A economia solidária, ensina Rosandiski, é regida pela autogestão, respeito ao meio ambiente e respeito às decisões democráticas. “Ou seja, organizar o empreendimento de modo que todos tenham direito a voto, rotatividade de dirigentes, um conjunto de regras”, pontua.

“Essas cooperativas favoráveis ao agronegócio, por exemplo, podem estar no sistema cooperado, mas elas usam a brecha na lei para ter vantagens fiscais para se negociar entre cooperativas", afirma.

Sem uma definição mais específica sobre o que são cooperativas e sem órgãos de economia solidária, a economista teme o avanço de cooperativas de trabalho que são utilizadas, por exemplos, em setores de serviço como limpeza para oferecer mão de obra mais barata para outras empresas. 

“É uma terceirização da pior possível, porque não só você está terceirizando, como está burlando todas as leis trabalhistas. Então, há uma disputa muito grande para que isso não aconteça dentro do sistema do cooperativismo.”

Nesse contexto outra distinção que as entidades cooperativistas fazem questão de fazer é entre as economias solidária e compartilhada, a última representada pela disseminação de aplicativos como a Uber e o Airbnb.

“Não somos contra a utilização da tecnologia, por exemplo, dos aplicativos. Ao contrário, a gente tem muitas iniciativas de aplicativos. Mas elas não podem estar a serviço de uma economia da informalidade e da desregulamentação do trabalho”, pontua. 

“Na economia solidária, os meios de produção, as tecnologias, a gestão do negócio têm que estar sob controle dos próprios trabalhadores.”

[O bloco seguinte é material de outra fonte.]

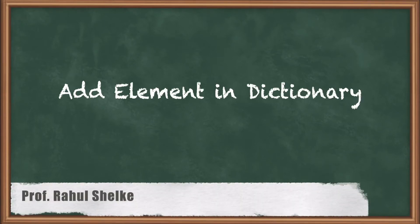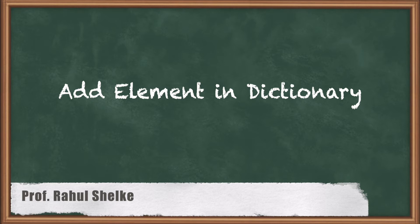We learn how to create a dictionary and how to access a particular element from the dictionary. Now, let's say we want to add a new element to the dictionary.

Mas, com a descontinuidade das políticas para a economia solidária e a aprovação da reforma trabalhista, quem sai beneficiado é a informalidade. “O que a gente está assistindo no Brasil hoje é uma aposta do governo em uma economia com mais desregulamentação do trabalho”, pontua. 

No legislativo

As entidades do cooperativismo tentam pressionar o poder legislativo para avançar em leis no setor. As organizações estiveram presentes em uma audiência pública, em junho, na Comissão de Trabalho da Câmara dos Deputados para reivindicar uma nova lei geral que demarque o cooperativismo no país.  A legislação que rege hoje o setor é da década de 1970.

Nesta semana, o deputado federal Jaques Wagner (PT-BA) apresentou relatório favorável ao projeto de lei que estabelece a Política Nacional de Economia Solidária, integrada às estratégias de desenvolvimento sustentável, que tramita no Congresso Nacional desde 2017. 

A  Proposta de Emenda à Constituição (PEC) 69/2019 também foi apresentada, em maio, para instituir a economia solidária no ordenamento econômico do país.